98.The Directors shall cause minutes to be made for the purpose of recording:

 

(a)all appointments of Officers made by the Directors;

 

(b)the names of the Directors present at each meeting of the Directors and of any committee of the Directors; and

 

(c)all resolutions and proceedings at all meetings of the Company, and of the Directors and of committees of Directors.

 

99.The minutes of each meeting of the Directors shall be signed by the chair of such meeting and either the secretary of such meeting or one (1) other Director present at such meeting and when the minutes of such meeting have been so signed, the meeting shall be deemed to have been duly held notwithstanding that all the Directors have not actually come together in person or that there may have been a technical defect in the proceedings.

 

100.A resolution in writing signed by all the Directors or all the members of a committee of Directors entitled to receive notice of a meeting of Directors or committee of Directors, as the case may be (an alternate Director, subject as provided otherwise in the terms of appointment of the alternate Director, being entitled to sign such a resolution on behalf of their appointer), shall be as valid and effectual as if it had been passed at a duly called and constituted meeting of Directors or committee of Directors, as the case may be.
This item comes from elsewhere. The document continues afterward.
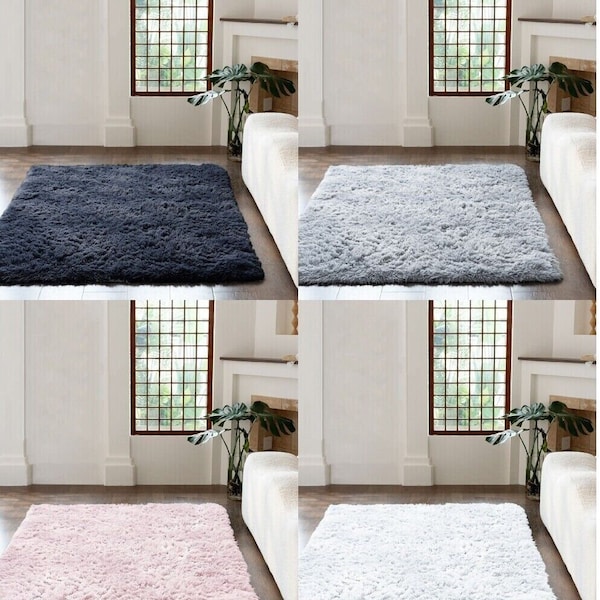 Fluffy Rugs Large Shaggy Rug Bedroom Living Room Anti Slip Soft Carpet Floor Mat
When signed a resolution may consist of several documents each signed by one or more of the Directors or their duly appointed alternate.

 

101.The continuing Directors may act notwithstanding any vacancy in their body but if and for so long as their number is reduced below the number fixed by or pursuant to these Articles as the necessary quorum of Directors, the continuing Directors may act for the purpose of increasing the number, or of summoning a general meeting of the Company, but for no other purpose.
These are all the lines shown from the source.